Reproduce the entries verbatim; no pictures.
*** MATERIAL SUPPLIED Section Begins ***
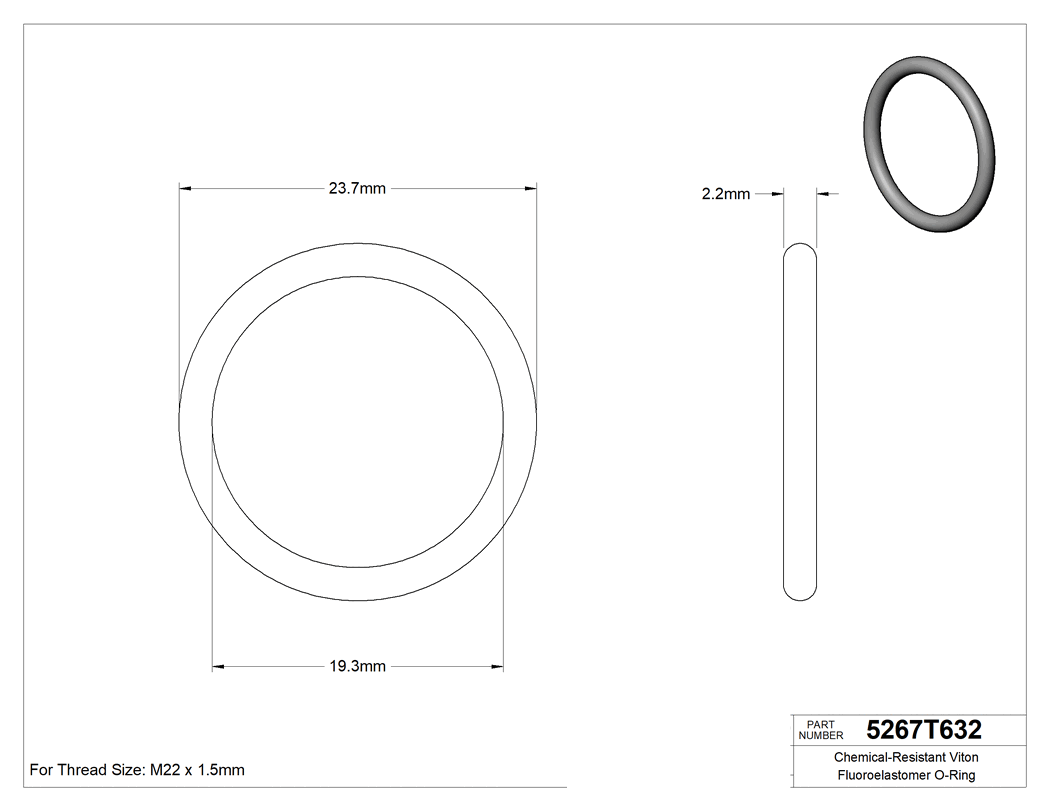 Technical drawing - 5267T631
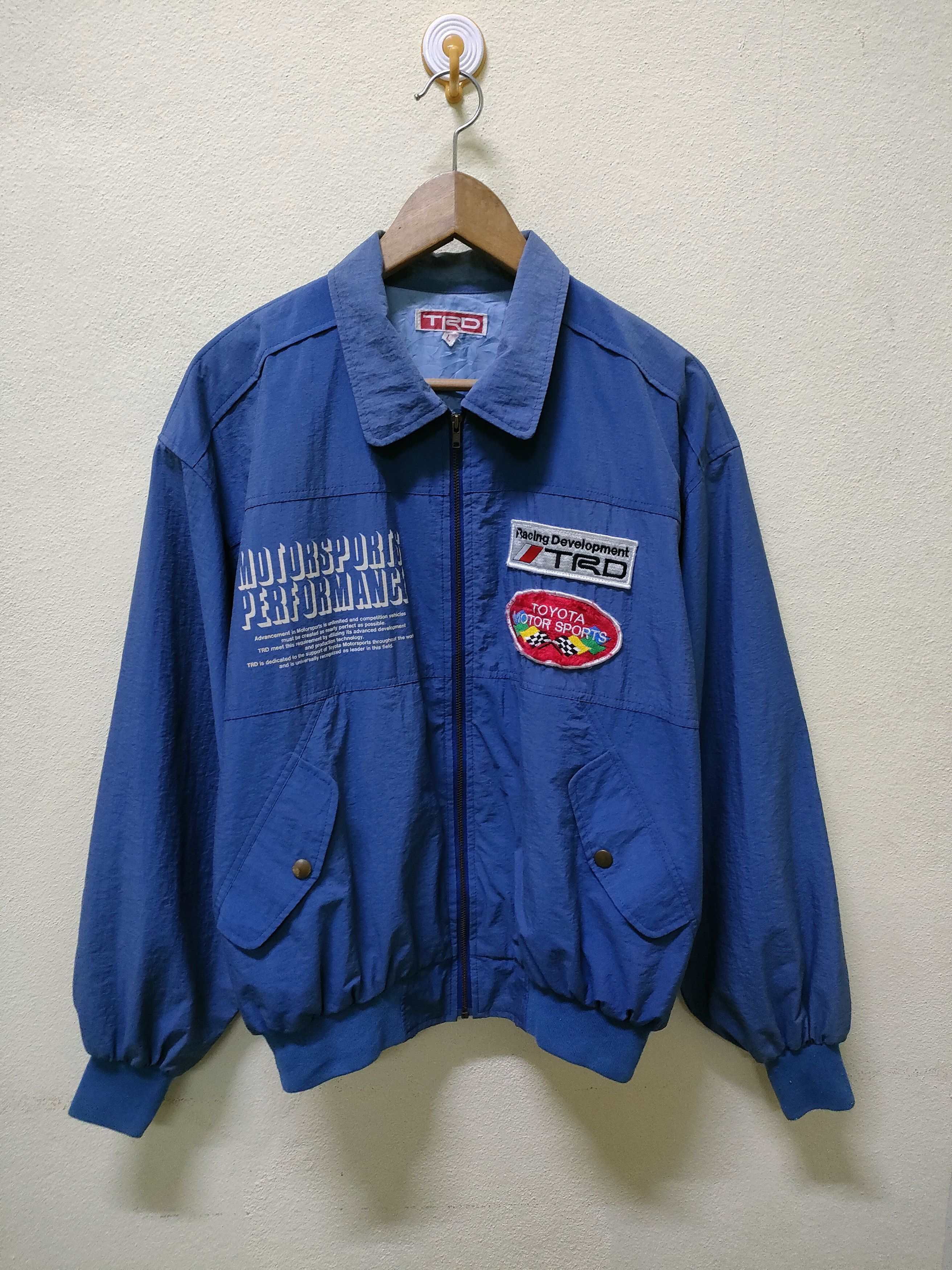 Vintage Vintage TRD Racing Bomber Jacket Size US L / EU 52-54 / 3 - 1 Thumbnail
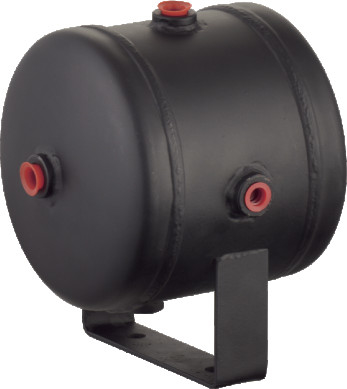 Un buen precio. El tanque del compresor de aire del negro de 150 PSI el pequeño tanque del aire de 0,5 galones  en línea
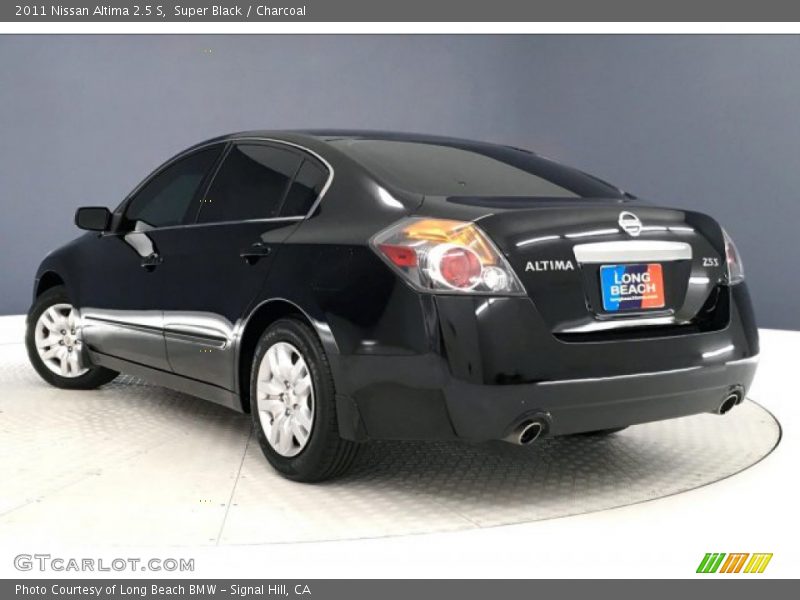 Super Black / Charcoal 2011 Nissan Altima 2.5 S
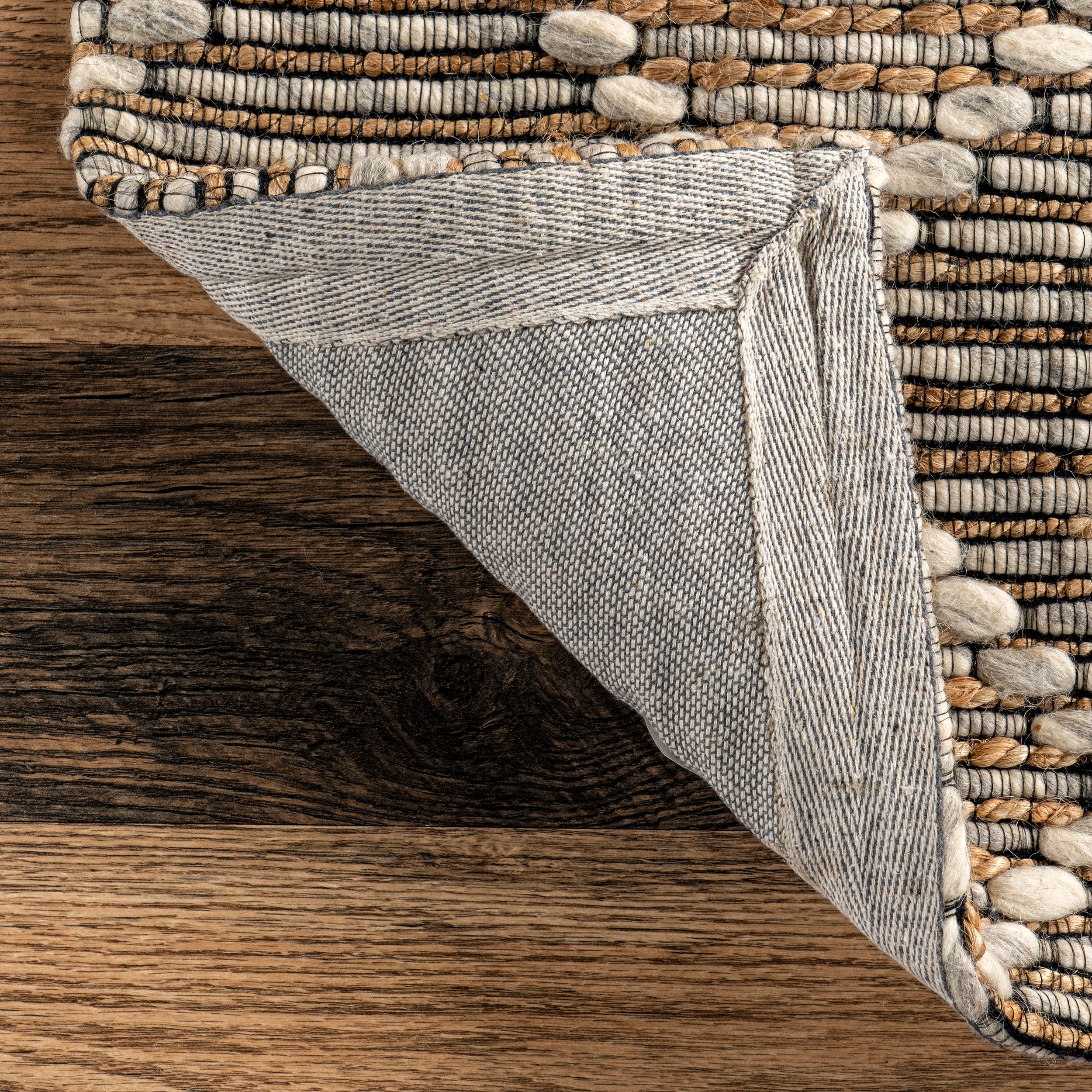 Leanne Geometric Jute and Wool Area Rug - Image 7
*** MATERIAL SUPPLIED Section Ends ***
- [SOLUTION TO THIS PROBLEM]
 Technical drawing - 5267T631
 Vintage Vintage TRD Racing Bomber Jacket Size US L / EU 52-54 / 3 - 1 Thumbnail
 Un buen precio. El tanque del compresor de aire del negro de 150 PSI el pequeño tanque del aire de 0,5 galones  en línea
 Super Black / Charcoal 2011 Nissan Altima 2.5 S
 Leanne Geometric Jute and Wool Area Rug - Image 7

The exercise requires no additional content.